Para no creerlos.
Porque los cuentos —esos animales domésticos que a veces muerden— nunca deben tomarse al pie de la letra. Los cuenteros, en cambio, son nubes preñadas de tormenta: cargan agua, sí, pero también esconden relámpagos que no avisan. Por eso un nihilista, o los escépticos de alma curtida, aprenden a desconfiar de los relatos que los señores del poder fabrican con la misma facilidad con que otros fabrican sombras.
Y este cuento —que tampoco deben creerme— narra la historia de un hombre pobre, convencido de que su pobreza era un decreto divino, firmado por dioses distraídos desde sus alturas olímpicas. Él lo aceptaba con la serenidad de quien cree que el destino es un mueble heredado: incómodo, pero imposible de botar.
Había pasado sesenta años y siete más cocinando consignas en una olla que nunca hervía. Licuaba las más delgadas para beberlas en gotas rituales, como si fueran elixir o penitencia. Estaba flaco, agotado, huesudo, y le gritaba a su mujer que ya no tenía fuerza ni para reír. Pero seguía. Porque el prana de su vida —su aire, su savia, su delirio— eran las consignas mismas: promesas de vacas gordas, mares de café, ríos de aceite, cervezas que nunca llegaban.
Las cadenas que lo cimbraban no le preocupaban. Él repetía, con la fe de un monje extraviado:
“Mientras el enemigo eterno no nos aniquile, y haya plátanos en los mercados, somos millonarios.”

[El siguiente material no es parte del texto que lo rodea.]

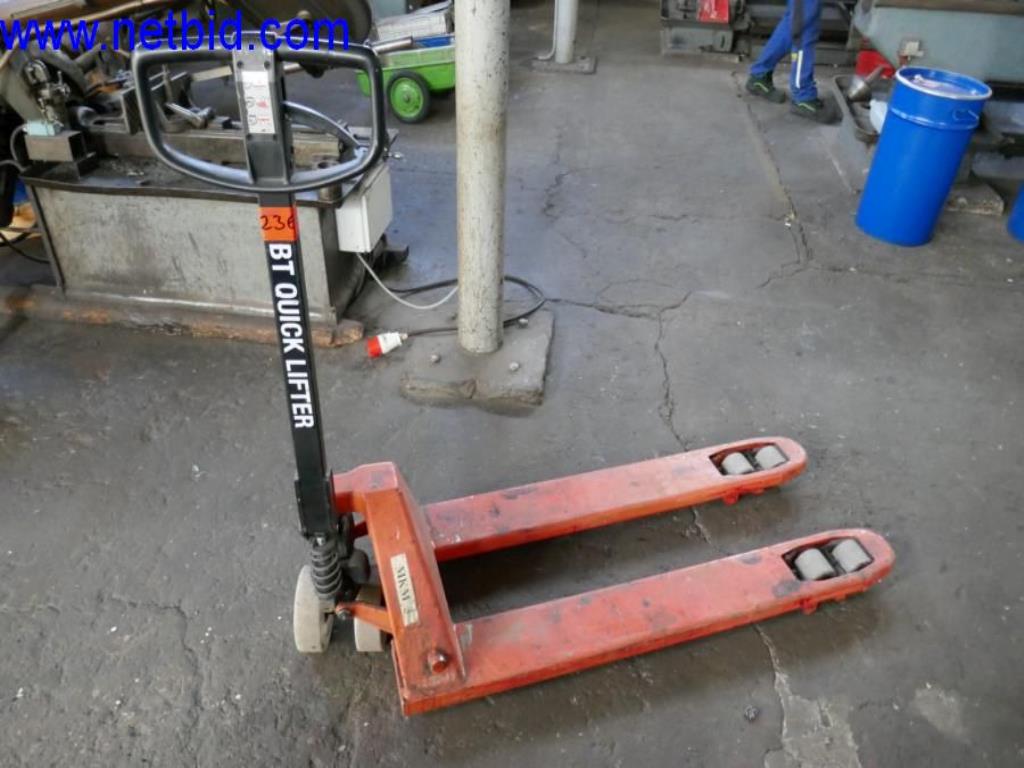 Used BT Quick Lifter Pallet truck for Sale (Auction Premium) | NetBid Industrial Auctions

Y así vivía, sostenido por un hilo invisible, como esos personajes kafkianos que no saben que ya están muertos, pero siguen cumpliendo con su rutina por pura obediencia al absurdo.
Hasta que un día —un día de sol sin luz, de claridad sin cobijas, de realidad sin metáfora— murió.
Murió de anemia social, una enfermedad que no aparece en los manuales de medicina, pero que consume a los pueblos que han olvidado cómo se sueña.
Dicen que al morir, su cuerpo pesaba menos que una consigna.
Dicen que su sombra se negó a acompañarlo.
Dicen que los dioses olímpicos, por primera vez en siglos, miraron hacia abajo.
Y no creyeron lo que vieron.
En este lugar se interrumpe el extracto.